— Exercise aim —
Please write out the entire listing below exactly, excluding its pictures.

— Supplied records —
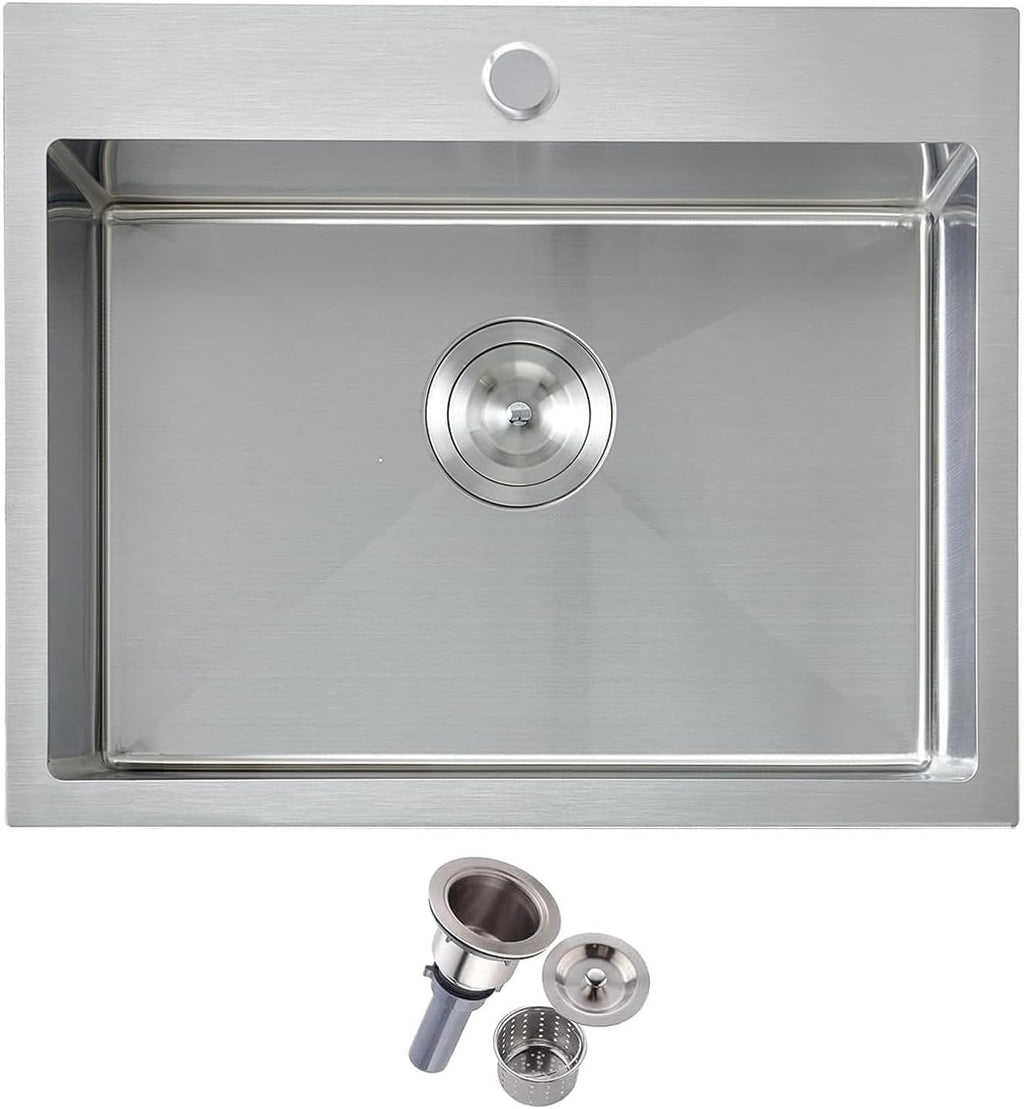 Friho 20×16 inch Drop In Kitchen Sink, 20 inch Stainless Steel Top mount Single Bowl Small Bar Sink, Overmount 16 Gauge Handmade Utility Deep Sinks, Brushed Nickel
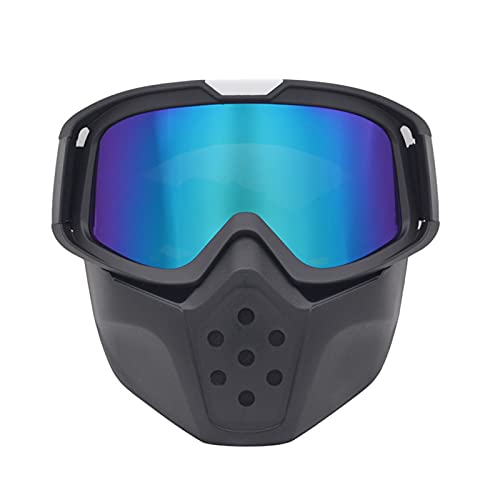 AYKANING Motocross Brille,Motorradbrille Motorrad Goggle Maske Retro Open Face Helm Mask Motocrossbrille mit abnehmbarem Maske Paintball Spiel Gesichtsmaske Moto Mask (Color : Rainbow Lens) von AYKANING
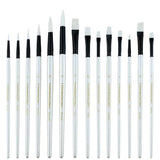 Transon 14pcs Art Painting Brush Set for Acrylic, Watercolor, Gouache, Oil and Hobby Painting White Color TRANSON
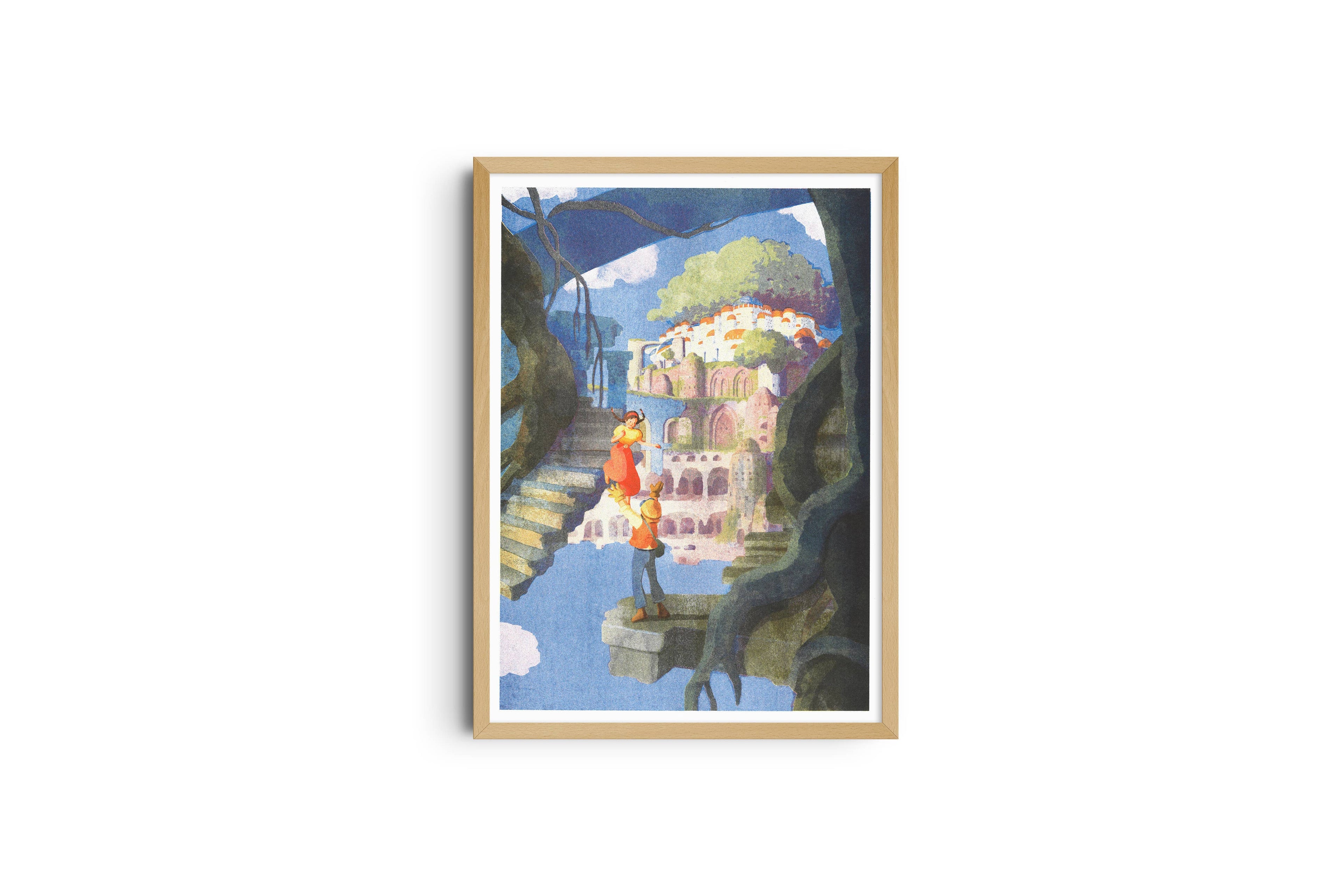Risoposter Castle in the Sky door HifuMiyo, gedrukt door KIBLIND Atelier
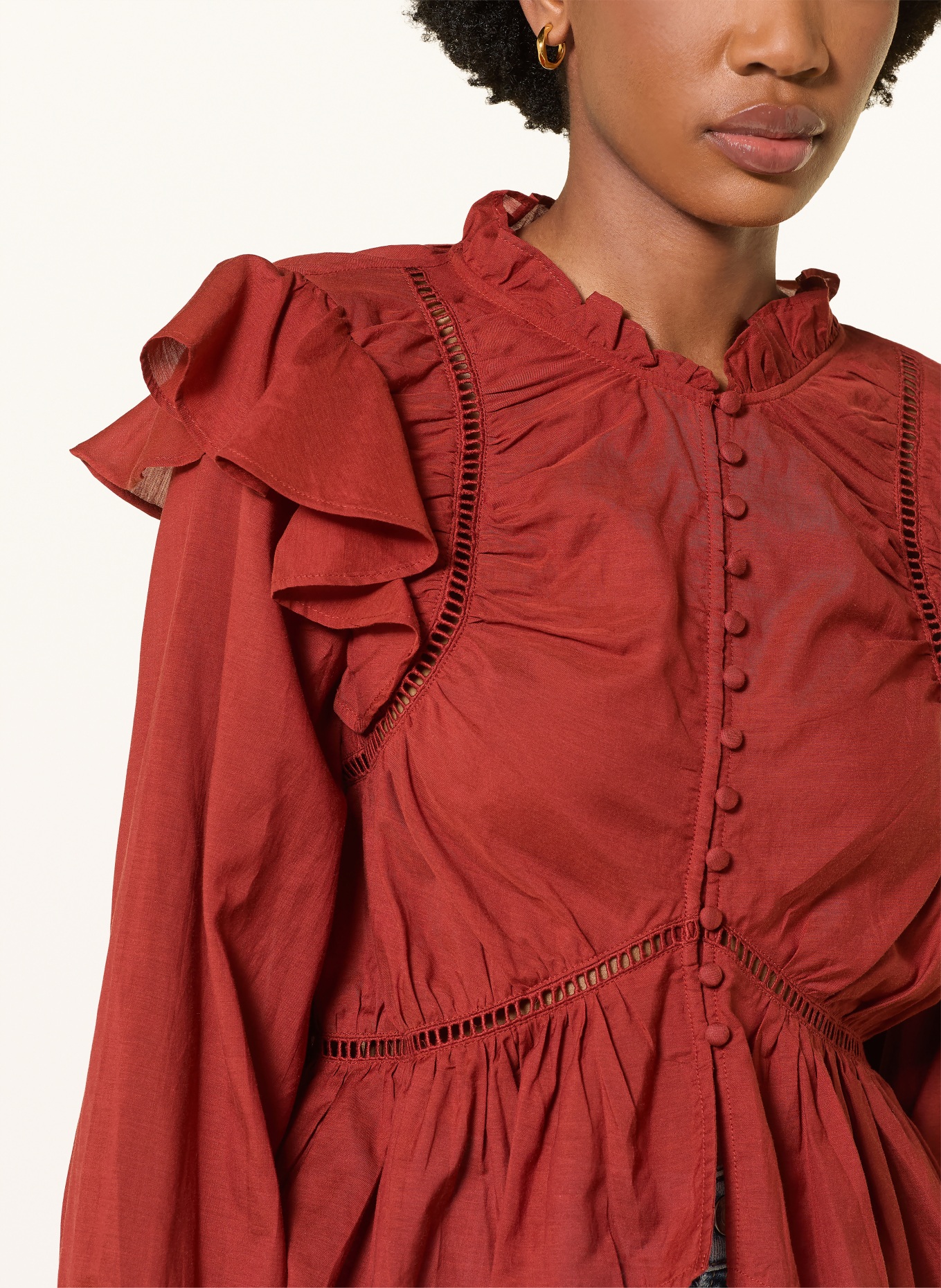 ALLSAINTS Blouse LIMA met opengewerkte kant en ruches: DONKERROOD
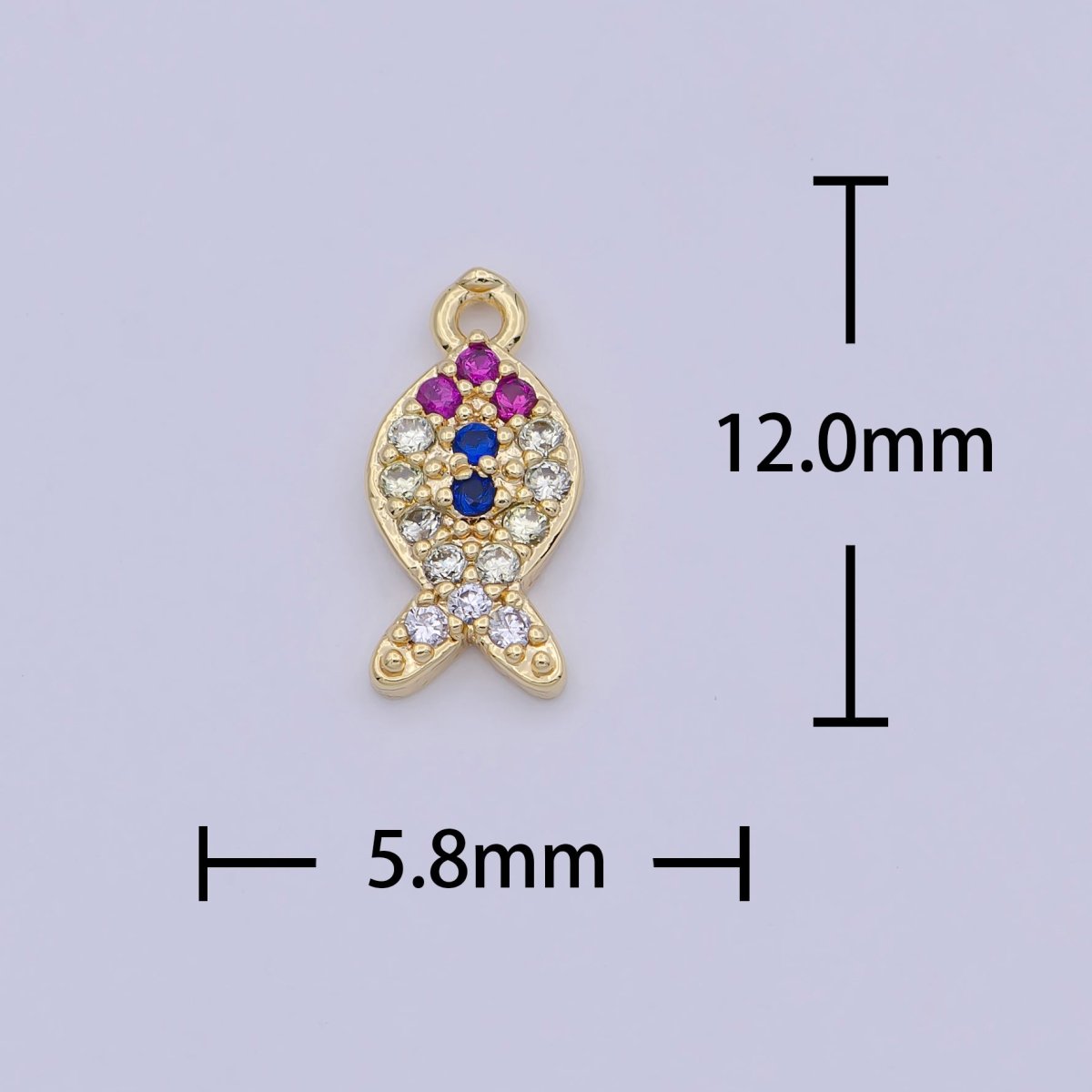 Mini Gold Filled Fish Charm for Bracelet Earring Necklace Component W-169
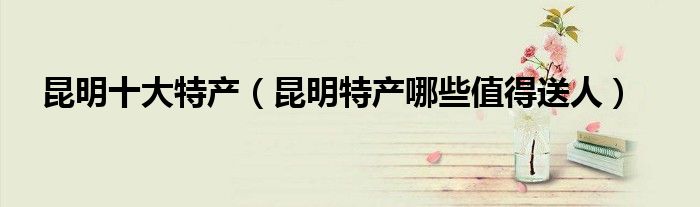 昆明十大特产（昆明特产哪些值得送人）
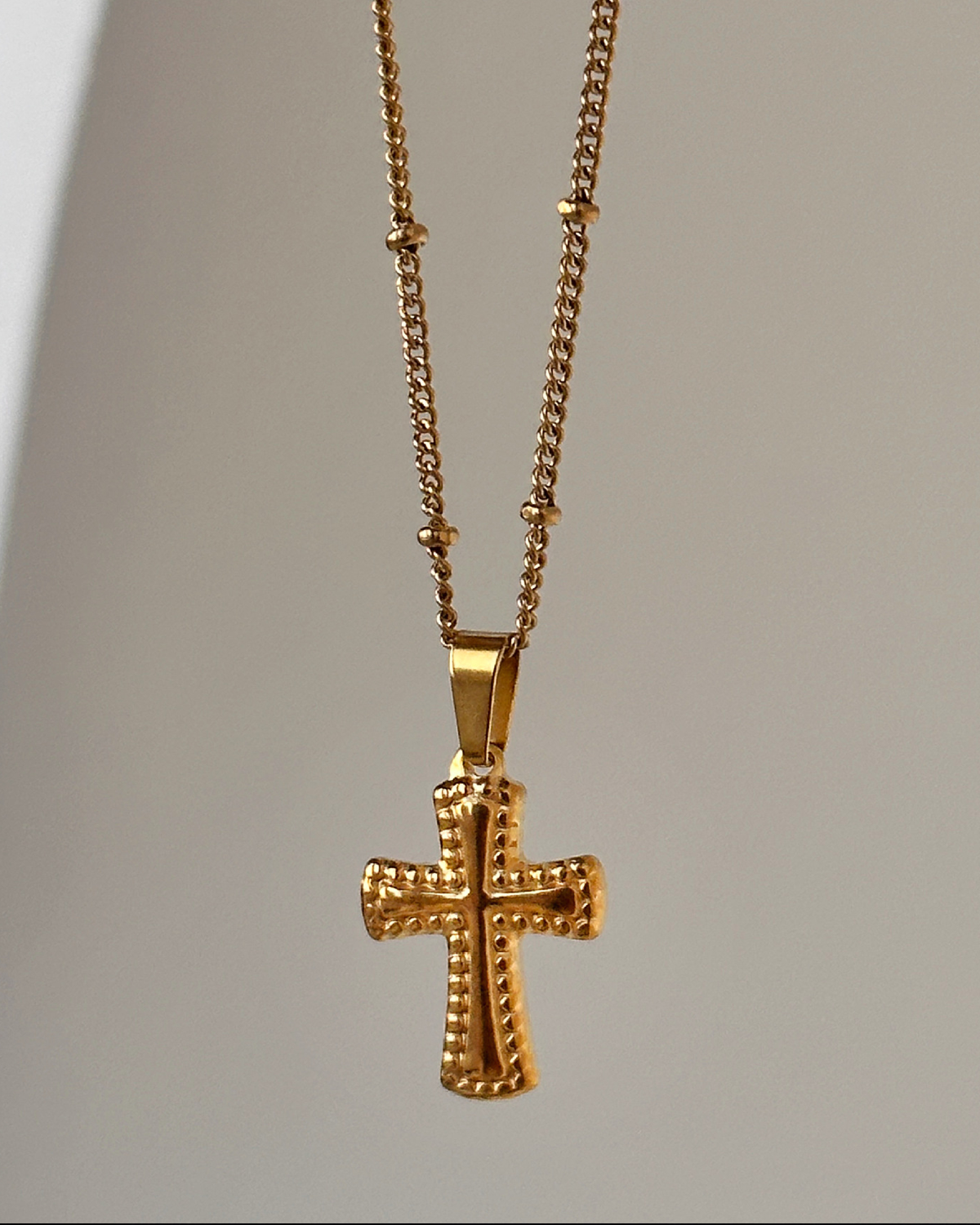 Athena Mini Cross Golden Pendant Necklace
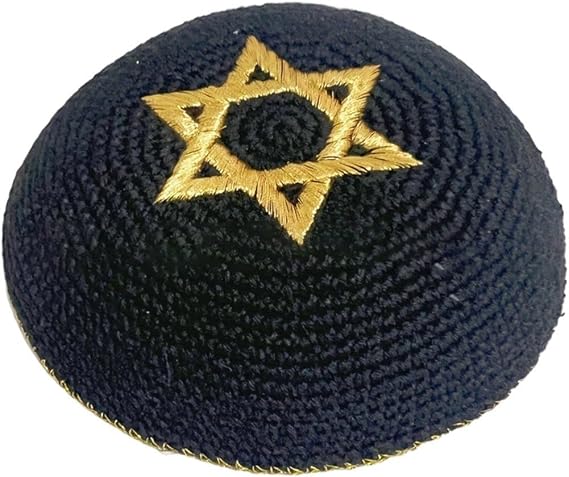 Knitted Kippah with Star of David Embroidery for Men Boys and Kids Knitted Kippot and Single Hand-knit Kippas Kipa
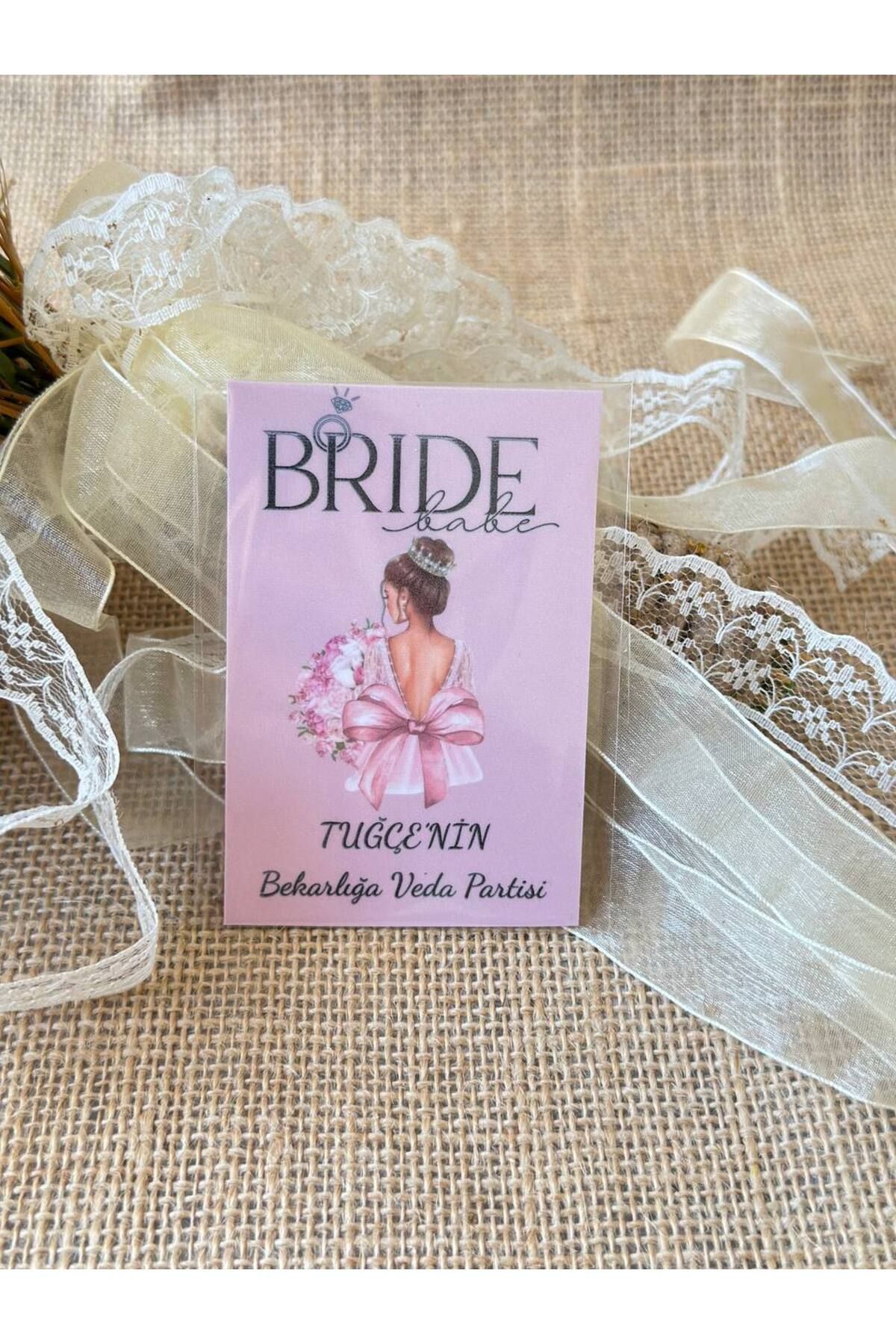 Renkia Studio Bride Partisi Magnet 15’li – Pembe Temalı Gelin Hatırası 6x9 cm
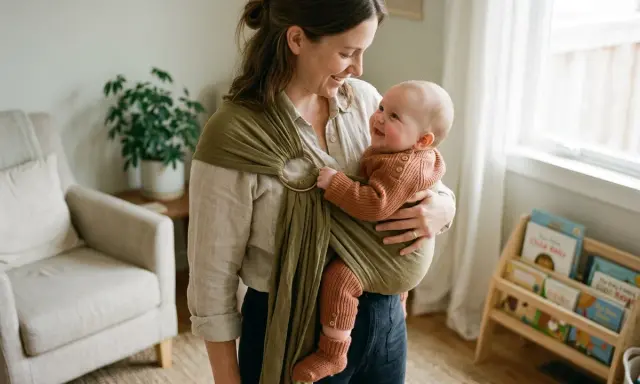 A smiling mother holds her baby in a green ring sling.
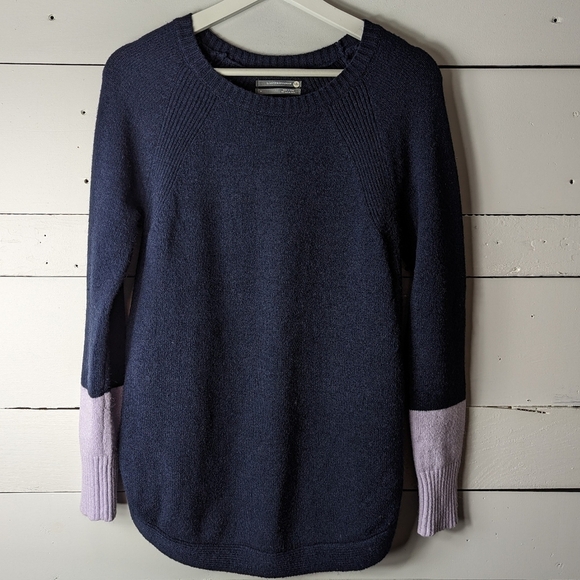 Anthropologie Rebekah Tunic Sweater in Navy/Purple Size Small - Picture 3 of 9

— The completed task —
 Friho 20×16 inch Drop In Kitchen Sink, 20 inch Stainless Steel Top mount Single Bowl Small Bar Sink, Overmount 16 Gauge Handmade Utility Deep Sinks, Brushed Nickel
 AYKANING Motocross Brille,Motorradbrille Motorrad Goggle Maske Retro Open Face Helm Mask Motocrossbrille mit abnehmbarem Maske Paintball Spiel Gesichtsmaske Moto Mask (Color : Rainbow Lens) von AYKANING
 Transon 14pcs Art Painting Brush Set for Acrylic, Watercolor, Gouache, Oil and Hobby Painting White Color TRANSON
Risoposter Castle in the Sky door HifuMiyo, gedrukt door KIBLIND Atelier
 ALLSAINTS Blouse LIMA met opengewerkte kant en ruches: DONKERROOD
 Mini Gold Filled Fish Charm for Bracelet Earring Necklace Component W-169
 昆明十大特产（昆明特产哪些值得送人）
 Athena Mini Cross Golden Pendant Necklace
 Knitted Kippah with Star of David Embroidery for Men Boys and Kids Knitted Kippot and Single Hand-knit Kippas Kipa
 Renkia Studio Bride Partisi Magnet 15’li – Pembe Temalı Gelin Hatırası 6x9 cm
 A smiling mother holds her baby in a green ring sling.
 Anthropologie Rebekah Tunic Sweater in Navy/Purple Size Small - Picture 3 of 9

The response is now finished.